The confidence interval is an important tool for statisticians and also for the lay people that want to understand to what point they can trust statistical data. For a concrete example, suppose you hear in the news that the State Governor is considered a good administrator by 52% of the population. As you might imagine, not all State citizens were asked their opinion, but only a small fraction of them. How confident could you be that the real majority of the state citizens are by her side? Well, the confidence interval can help you to answer that.
The next day things get even worse: you read about another survey, from a different media outlet, that indicates that only 47% of the population is satisfied with her administration. What now? Is anybody lying? Which pool should you trust more?
There is no way to answer this without knowing the confidence interval of both pools, together with its confidence level. The confidence interval is a range of values which gives a concrete idea of how much the value estimated from a sample can vary if we were to take another sample from the same population.

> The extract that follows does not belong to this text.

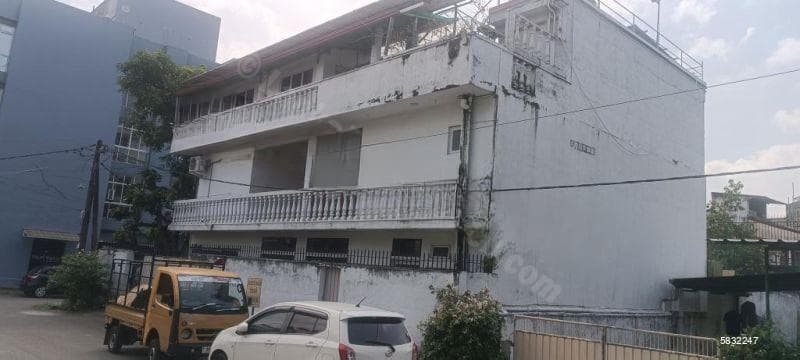 Nawala commercial house for lease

In the example above, let’s assume that the confidence interval of the first survey is between 49% and 56% and for the second one it is between 46% and 49%. Now it is possible to know that the statisticians of the first pool are not completely sure if the majority of the population is on the Governor’s side, as the mean value of 53% alone would suggest. In fact, their confidence interval says that according to their sample data, it is possible that the real value for the entire population to be 49%.

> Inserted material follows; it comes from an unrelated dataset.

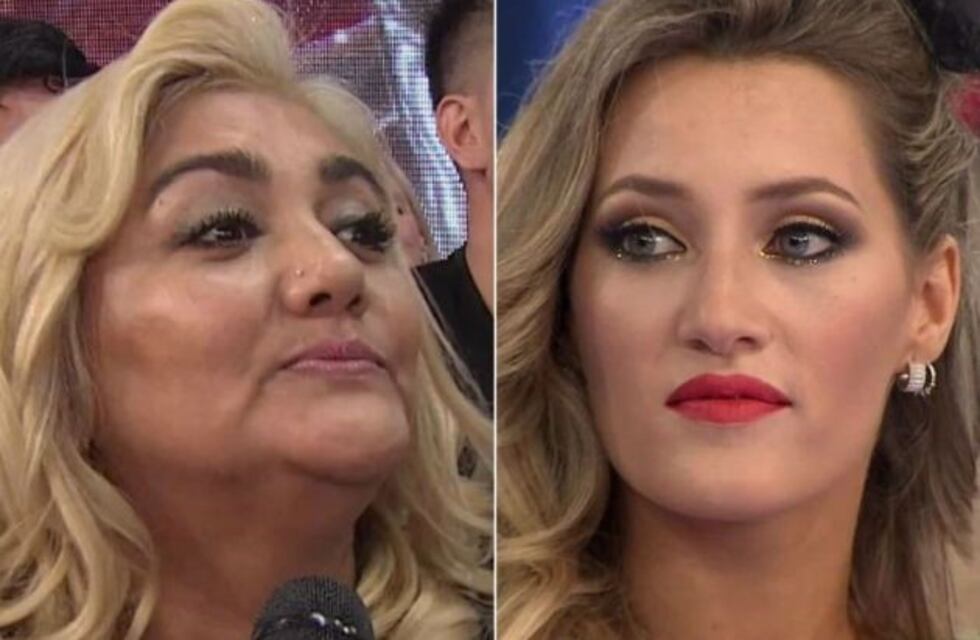 El escándalo de Mica Viciconte y La Bomba Tucumana: golpes y denuncia en la comisaría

Meanwhile, the statisticians of the second pool are more confident in stating that the majority of the citizens are not on her side, since the entire interval is below 50%. How sure? That depends on the confidence level.
The confidence interval is closely related to the confidence level and also to the margin of error. It is easy to get confused by them, but after reading this post you will be able to see the differences and relationships among them. Also, you will learn how the confidence intervals can help to achieve a more refined understanding of real-life statistical results.

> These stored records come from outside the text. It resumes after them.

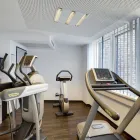 Unternehmen 3 Bild HOLIDAY INN EXPRESS BREMEN AIRPORT Veranstaltungen & Messen am Bremen HB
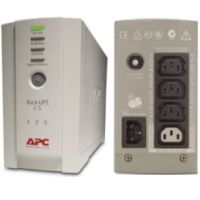 Mobilo telefonu aksesuāri Apc  APC Back-UPS/325VA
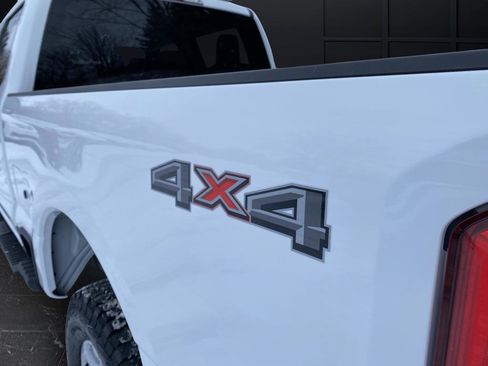 Certified 2024 Ford F250 XLT image 14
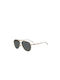 Chiara Ferragni Women's Sunglasses with Gold Metal Frame CF1001/S LOJ/MD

What is A Confidence Interval
A confidence interval is a range of most probable values for a statistical parameter, under a specified confidence level. The statistical parameter is any information that needs to be computed for a population of any kind.
“Population” in statistics is a set of individual entities that are not necessarily living beings. For example, the population for a statistical analysis could be all the cereal boxes arriving at the end of the assembly line. In such a context, the statistical parameter being measured could be percentual of boxes that are more than 5% below the weight printed in the box.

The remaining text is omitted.